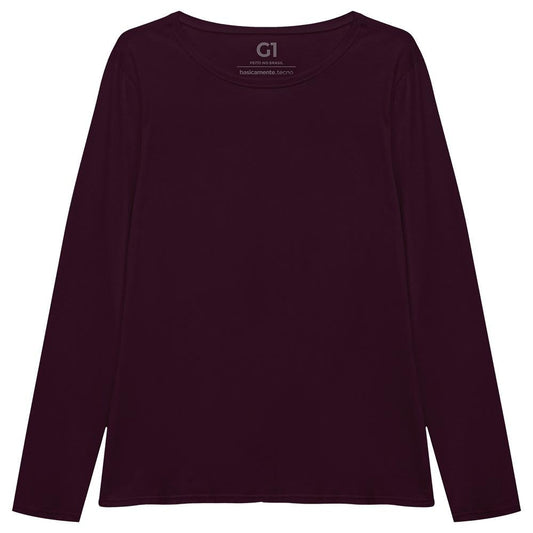 Camiseta Babylook Algodão Premium Manga Longa Gola C Plus Feminina - Wine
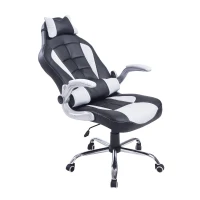 HomCom High Back Racing Style Ergonomic Gaming Chair With Armrest, Lumbar And Head Support - White / Black(m-1)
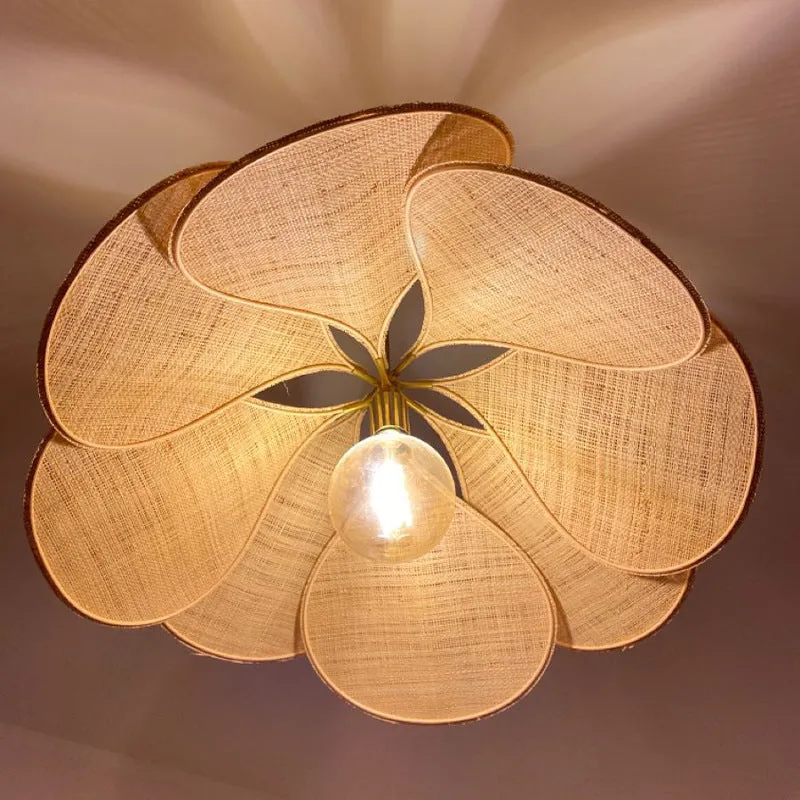 Bohemian cloth-craft hanging ceiling chandelier lamp in a choice of colours and large diameters.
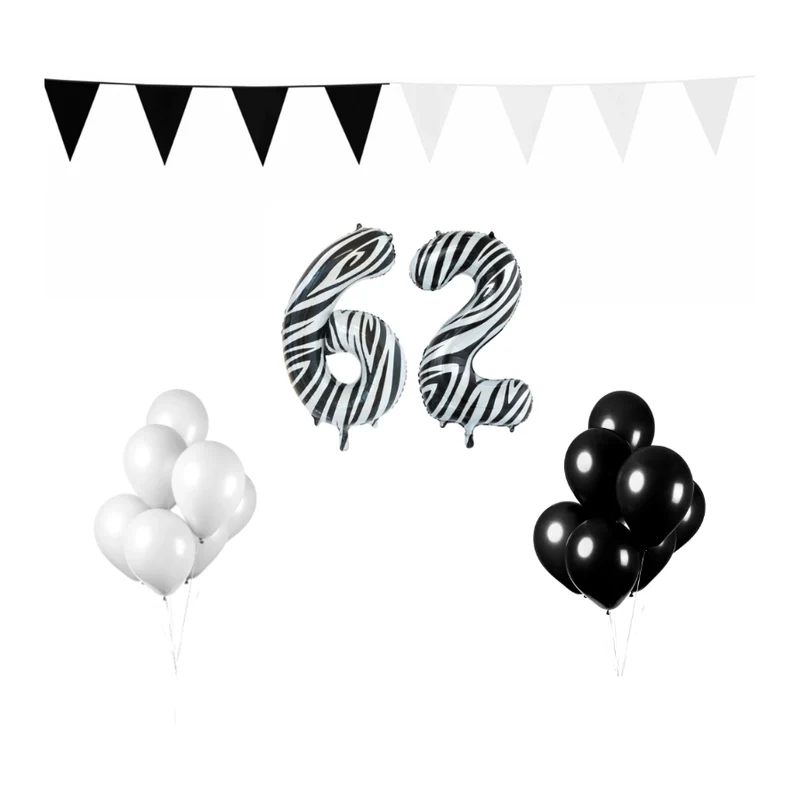62 jaar Verjaardag Versiering Pakket Zebra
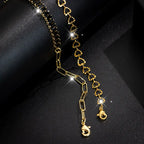 2pcs Spring/Summer Women's Fashion Heart Tennis Bracelet Jewelry Set, Vintage Gothic Style Halloween Bracelets.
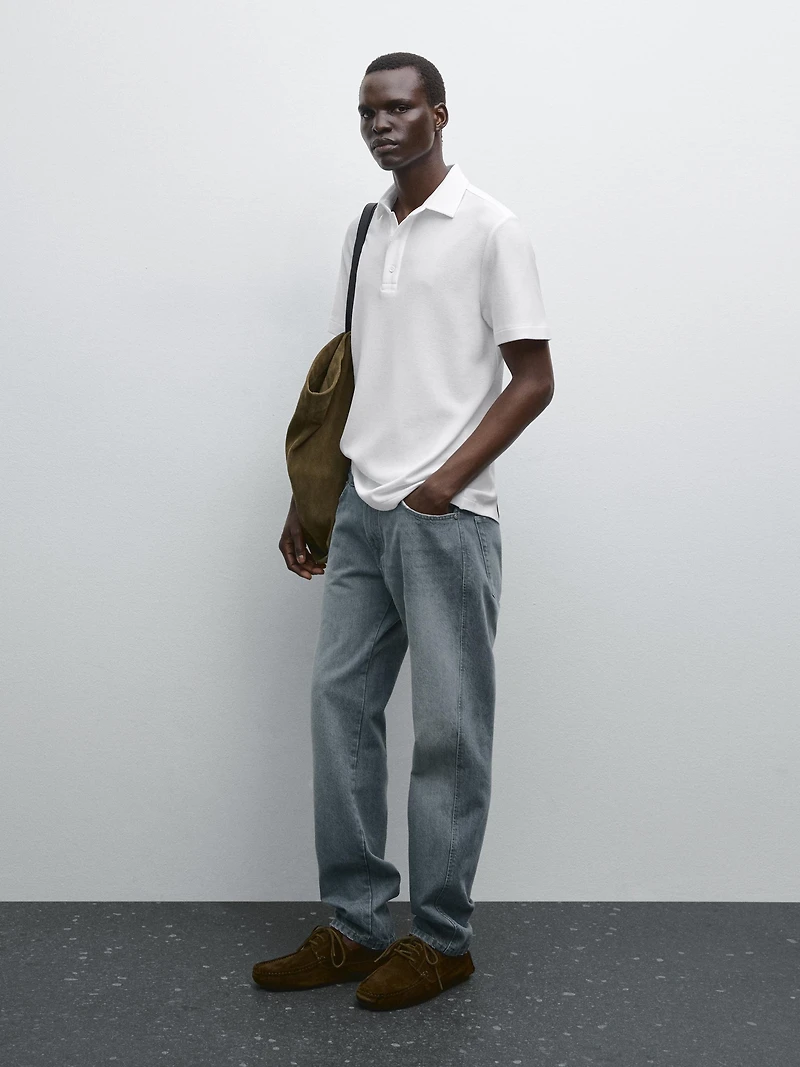 Polo manches courtes textur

────────────────────────────────────────

_TASK STATEMENT_.
Restate word for word the lines running from the one with "2pcs Spring/Summer Women's" to the end of the entries; pictures are to be left out.

_TASK ANSWER_.
 2pcs Spring/Summer Women's Fashion Heart Tennis Bracelet Jewelry Set, Vintage Gothic Style Halloween Bracelets.
 Polo manches courtes textur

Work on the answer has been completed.